Kevin Meyer has a thought-provoking post (referencing, among other things, the Asiana Flight 214 crash) on achieving the right balance between manual and automatic control of systems. His post reminded me of something that has been lurking in my queue of things-to-blog-about for a long time.
On January 6, 1996, Washington Metrorail train T-111 departed the Rockville (MD) station northbound. Operating under automatic control as was standard practice, the train accelerated to a speed of 75 mph, and then began slowing for a station stop at Shady Grove. The speed was still too great for the icy rail conditions, however, and T-111 slid into a stopped train at the station, killing the driver.
What happened? I think the answer to this question is relevant not only to the specific topics of mass transit and railroad safety, but also to the more general issues of manual and automatic operation in system design, and perhaps even to the architecture of organizations and political systems.
Here is the NTSB report. Metrorail had decided to employ automatic operation in all but emergency conditions, the stated reason being that some operators were using the brakes too aggressively and flattening the wheels.

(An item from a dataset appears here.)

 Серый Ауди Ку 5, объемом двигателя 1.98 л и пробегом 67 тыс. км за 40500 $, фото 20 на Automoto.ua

Train operators were not allowed to switch to manual operation without permission from controllers, and the controllers and supervisors were given little discretion to approve such requests. The automatic control system had a hardwired maximum speed for each section of track, based on the track geometry, but this could be overridden downward (because of weather conditions, for example) by electronic commands from Metro’s Operations Control Center. When T-111 left Rockville station, it was supposed to have received a command limiting its speed to Level 3 (59 mph), but missed the command (because the first car was past the station platform)…and in the absence of further information, the automatic train controller set the target speed at the full 75 mph, which was the maximum limiting speed ever to be used for that segment. This goes against 100 years of railroad practice for vital systems (“vital” in this context meaning not only “very important,” but “life-critical”), which is that these systems may occasionally fail, but they must fail to the safest possible condition…which in this case, would have meant either the minimum speed for the segment or a refusal to move at all until the speed situation was clarified.

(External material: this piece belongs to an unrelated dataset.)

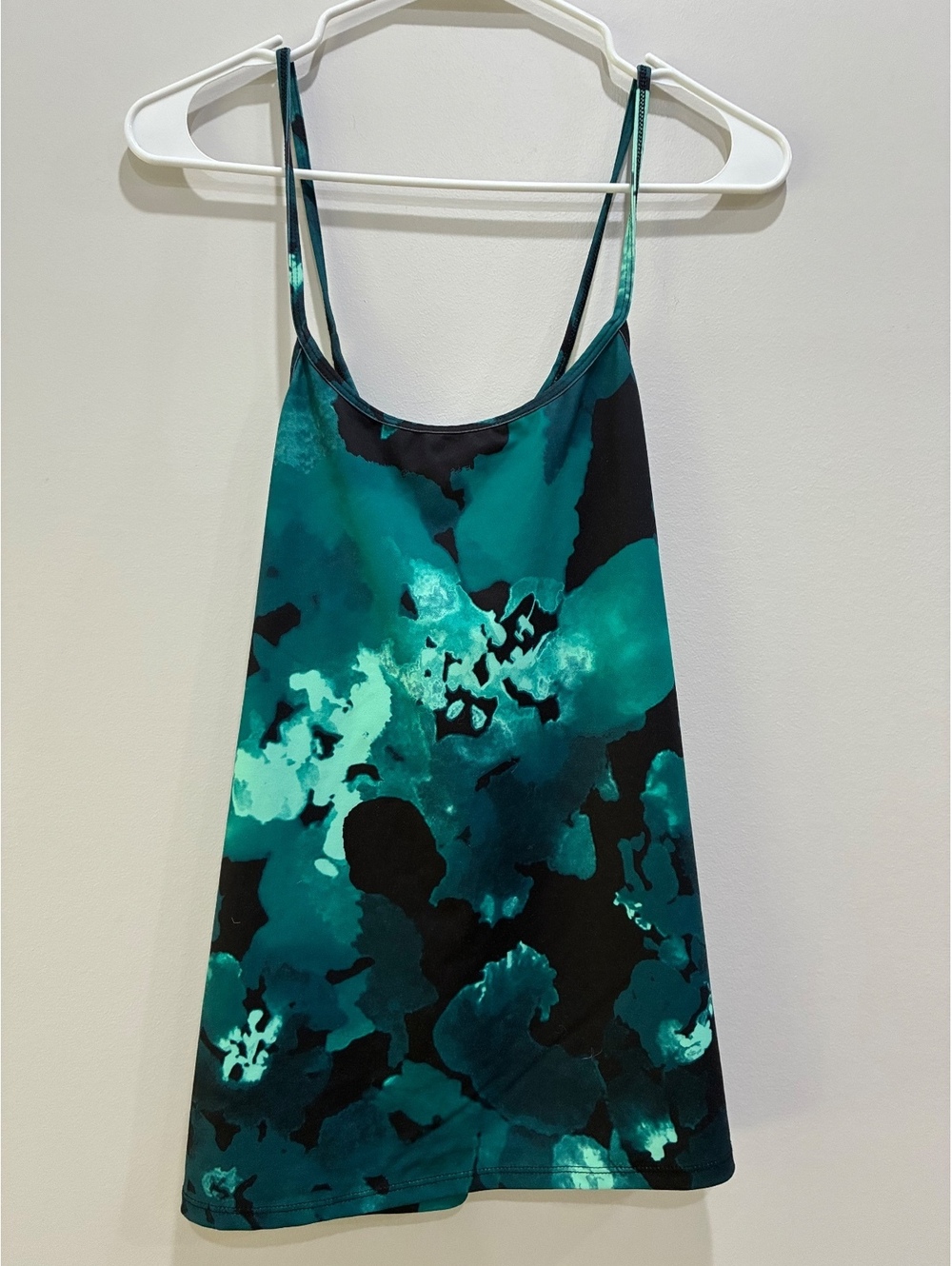 Fabletics Women's Medium Green and Black Abstract Pattern Tank Top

Even given this serious flaw in the system design, however, it seems clear that the accident could likely have been avoided by a timely switch to manual operation. Even after the most restrictive performance level had been entered for the track segment leading into Rockville (and apparently received correctly in this case), T-111 still overran that station; one might think this was grounds for switching to manual. Yet automatic operation was still continued. When the T-111 driver reported that his target speed had been set to 75 mph, automatic operation was still continued.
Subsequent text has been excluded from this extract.